2nd Movement: Almost identical timing to Ancerl but very clear timpani and horns make for a more exciting listen - and is that a tuba I hear omm-pahing away there? And a contra-bassoon? This is the first time I've really noticed these instruments in this piece. The xylophone is better recorded than in the first movement and everything is clear, bright and perfectly paced except...I'm not sure about the slight hesitation at the start of the horn chorales, it just upsets the rhythm a little.
3rd Movement: The opening of this movement is better than Kitajenko but still doesn't capture the emotion quite like Ancerl and there's a tad too much vibrato. But the pacing is just right, especially at the first climax which is superb - the orchestral texture (minus brass) really showing. In the section with the tremolo strings, I can hear echoes of Mahler 7 and some dissonances that I hadn't noticed before - this is just wonderful stuff. The build up to the big climax is again handled superbly and the wall of sound from the tremolo strings, woods and piano is so powerful as is the string part that follows; there;s so much in here that i didn't find in the previous two recordings. The muted section that follows with the climbing upper strings has a mystery and beauty all its' own and at the end the closing major chords have a different feel - this is no relief.
4th Movement: I don't like it when the music speeds up after the initial brass/timpani fanfare, but that's exactly what happens here. Only Ancerl has resisted this so far. But the recording is clear, the playing great and that big tam-tam leads us into to the quieter brass and rocking strings. There are some hefty dynamics changes in this section - more so than I'd noticed previously and it has a brisk tempo. There are also some very low notes and a nice picky harp which leads to a much slower snare drum / timpani entry. Once again I hear things I hadn't noticed such as clarinet and timpani hits. This build-up continues and really blasts out of the speaker and there is no change of tempo after the cymbal crash so this takes on a completely different feel to the ending of the Kitajenko, and that single-note high string really grates against the brass causing some big dissonance: fantastic!
That's it for the Barshai. Next I'll be looking at the Ashkenazy recording with the Royal Philharmonic on Decca.


----------



## techniquest (Aug 3, 2012)

Shostakovich 5-athon part 4: Royal Philharmonic Orchestra, Vladimir Ashkenazy, Decca 1990.

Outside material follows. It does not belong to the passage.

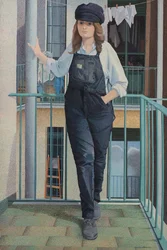 Monica auf dem Balkon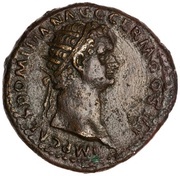Dupondius - Domitian VICTORIAE AVGVSTI S C; Victory obverse image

1st Movement: The opening and first section of this recording is so similar to Ancerl in tone and pace that I'm immediately comfortable with it. At the second section a very forward piano and growling horns change the tone as well as the pace - in fact the speed really does get hectic and there are times when I wonder if everyone can quite keep up! The music settles back a little uneasily into the martial section before speeding up manically again only slowing down when we get to the unison orchestra part which is very powerful. A lovely, lingering tam-tam ends this part and things really do calm down. The whole final section of this movement is handled beautifully and the last celeste scale slows right down in it's final ascent.
2nd Movement: There's all sorts going on here that I haven't noticed before, mostly in the form of glissandi - french Horns, solo violin; very Mahlerian. This recording also boasts the best xylophone so far.
3rd Movement: The opening of the largo sounds a little thin, but the basses help raise the focus in the first crescendo though it's nowhere near Barshai. The oboe solo is beautiful in it's simplicity as is the clarinet that follows and for me this is the best part of this movement in this recording. You can really hear the individual piano hits in the 'wall of sound' and the xylophone is strong, but the following section doesn't sound quite right with woodwind losing out to very tremolo strings initially.
4th Movement: Here we go with the speeding up intro to the 4th movement again; the timpani sounds a bit tinny too, but maybe that's just me. Excellent horn dissonances before it all speeds up again; come on cellos keep up! The pace seems to slacken off a touch before the climax of this section with great stand-cymbal crescendo, tam-tam and timp-hammering as it slows even more; almost to a stop. A better pace is resumed for the central section, not as hurried as it sounds in the Barshai recording. The start of the the third section (snare, timps, woodwinds) is around the same tempo as Ancerl and, other than slowing down at the entry of the final theme, stays there until the final bars when once again it slows right down. There are really good bass drum hits at the end which continue to double the timps beyond the 3-hit solo.
There - more to follow...?


----------



## drpraetorus (Aug 9, 2012)

Interesting. See if you can find the Kondrashin recording that Melodia put out in the 60's. interesting rendition.


----------



## Vaneyes (May 11, 2010)

When you get done, could you do a Readers Digest version?


----------



## Hausmusik (May 13, 2012)

Tech, will you be dong Haitink/RCO? That's my favorite. Also be curious to hear your take on Petrenko, a much-(over?)hyped one.


----------



## david johnson (Jun 25, 2007)

you must hear mitropoulos/nypo, if you have not done so.


----------



## TheVioletKing (Jan 9, 2013)

What do you think of Bernstein's interpretation with The New York Philharmonic?


----------



## Bone (Jan 19, 2013)

I need to find a good recording of 5 - just haven't found one that I think is "complete." I heard Ancerl's #7 years ago and really liked it, so I'll probably spring for 5 and see how it goes. Never a huge fan of Ashkenazy's 5: the word "strained" always comes to mind. Never heard Barshai or Kitaenko.


----------



## mgj15 (Feb 17, 2011)

I have a couple of versions; first with the Leningrad Philharmonic, Mravinsky conducting, second LB in front of the NYPO, like the above video. Not sure if it's the same performance or not, but the recording I have and that video are both fantastic. (Unfortunately I don't have an ear that would be able to discern if they are different yet!). The Mravinsky version is good, but recording not that great.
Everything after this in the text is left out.